Web accessibility is an essential aspect of web development, influencing the user's experience as they navigate the site. As a result, accessibility should always be at the forefront of your design and development efforts.
This information answers the question of what graceful degradation does, but how does one implement graceful degradation? To answer this question, you must first understand why it is used. Check out the video below to learn more about what graceful degradation is.
Why Use Graceful Degradation?
As technology advances and improves, it does not always do so proportionately. That is to say that not all software will improve with other technologies. As an example, most programming languages are capable of far more than most browsers can handle. Furthermore, not all browsers are capable of the same features; as such, it is up to the designers and developers to ensure accessibility.
The reason for taking this proactive approach is that we cannot assume visitors will be equally proactive. Especially when you consider the number of variables involved (programmer humor), the only solution is to take a high-level proactive approach to ensure the best user experience.
Finally, the biggest question is how to implement graceful degradation. That is the next question to be answered. The practice of graceful degradation is pretty simple, design first for modern browsers and work backward. The idea is to create a design that can utilize all of the features modern browsers offer. Then you develop graceful fallbacks for browsers that may not be compatible with them.
Let's discuss that next.
How to Implement Graceful Degradation
Graceful degradation is all about creating elegant and graceful fallback designs to offer the best user experience for all browsers and visitors to the site. If you design with only older browsers, you will miss out on many features that could improve the user experience. Alternatively, suppose you only plan for newer browsers. In that case, you will miss out on a lot of visitors who cannot utilize your site to its fullest.
So to fix this issue, what developers aim to do is plan to design for as many browsers as possible, understanding that targeting all browsers is an unreasonable task.
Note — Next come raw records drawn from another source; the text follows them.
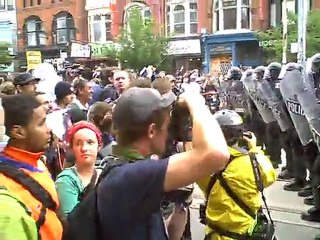 G20 Toronto - Protest Queen Spadina 3:53pm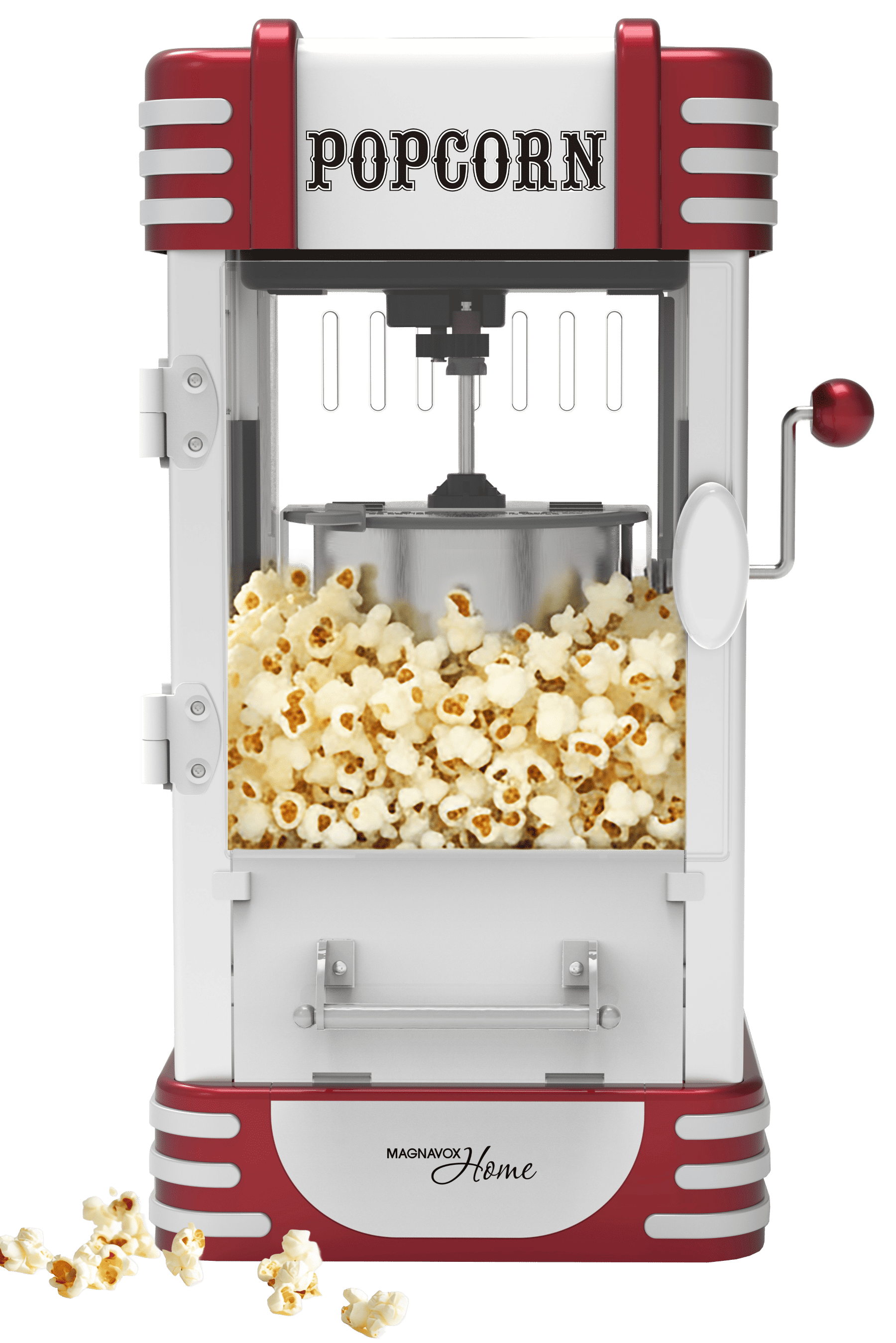 Popcorn Machine R Magnavox Retro-Style 2.5oz Popcorn Maker, Classic Oil-Free 310-Watt Hot ...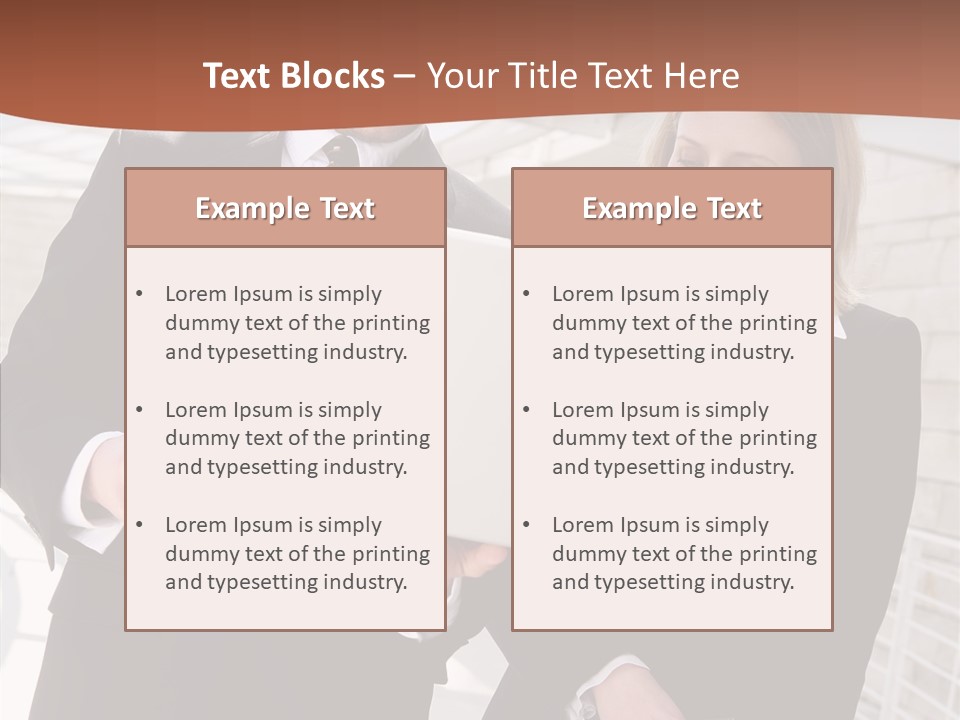 Company Teamwork Beautiful PowerPoint Template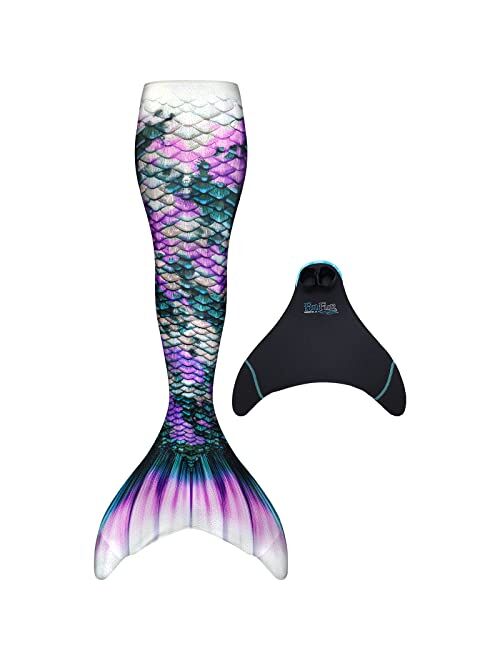 Fin Fun Limited Edition Mermaid Tail for Swimming for Girls, Kids, Women, Teen and Adults with Monofin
This is done by noting features that may not work in older browsers or possibly certain browsers visitors may use.
An example is designing for Chrome browsers with Opera browsers in mind. Many Chrome browsers' features are not available in Opera; designers will plan fallback features that will replace incompatible ones. Moreover, they aim to create a fallback that minimizes the decrease in accessibility.
In most modern browsers, flash is no longer needed. However, in the case of older browsers, it may be required to play certain video content. Instead of forcing users to install flash, you can plan around the video feature by supplying images and transcripts to flash-powered browsers. This allows you to provide the content within the video without worrying about the capabilities of the visitor's browser.
There are many other ways to handle cross-browser compatibility, but the industry standard is to use graceful degradation or progressive enhancement. Progressive enhancement is quite literally the exact opposite of graceful degradation. Instead of designing for the most modern browsers and working backward, you plan for older browsers and add features according to how modern and up-to-date the browser is.
Getting Started Using Graceful Degradation
Whether you start designing with graceful degradation or using progressive enhancement, designing for maximized accessibility is essential. Getting started with either approach is easy, even with websites you’ve already designed and developed. It begins with identifying which modern features are vital for the user experience; if you remove a feature and it reduces the value or accessibility, it needs a fallback.
Below are some tips to ensure the best approach for your design.
- Write valid, standards-compliant HTML.
- Use external style sheets for your designs and layout.
- Use externally linked scripts for interactivity.
Like anything in the technology field, it all starts with understanding the concepts learned here and then using them. The more research and practice you do, the better you will understand how to handle these modifications and design planning.